One of the servers I maintain is the jabber server at jabber.meta.net.nz. This is a free public service, anyone can use it, and it does get quite a wide range of use – for a long time we seemed to be very popular for south american users, possibly because of the web based clients and the range of transports to other protocols we support. We typically see between 50 and 100 concurrent users, depending on time of day and week, but the active account base is normally in the low thousands.
The transports themselves cause me a lot of problems. In the past they’ve been downright buggy, crashing all the time, but with the current codebase for all four protocols in use (AIM, ICQ, MSN and Yahoo) all being in python, we don’t seem to have as many outright crashes. We do have slow memory leaks however, which prompted me to move the services to a new server a while back. Part of me was hoping that the memory leaks were caused by the gentoo system I was using initially, but this doesn’t seem to be the case.

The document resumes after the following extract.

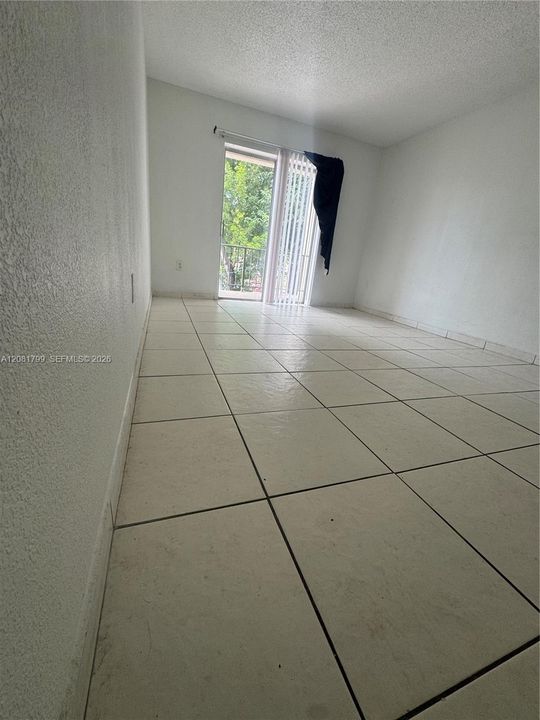 В аренду: $1,900 (2 спален, 2 ванн, 996 Квадратных фут)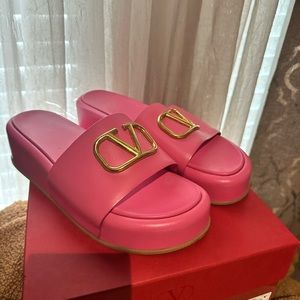 Valentino slides in pink size 10 1/2 (40 1/4)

So, I needed to either fix these memory leaks, or to work around them. Enter monit. I’ve heard about monit quite a bit, but never really looked into it other than thinking it might be interesting. I really wish I’d looked further ages ago. It’s easy to set up, is designed specifically to monitor and restart services, and it solved my memory leak problem in about 5 minutes.
Here’s a snippet from the config file:
check process aim-transport with pidfile /var/jabberd/pid/aim-transport.pid
start program = “/etc/init.d/aim-transport start”
stop program = “/etc/init.d/aim-transport stop”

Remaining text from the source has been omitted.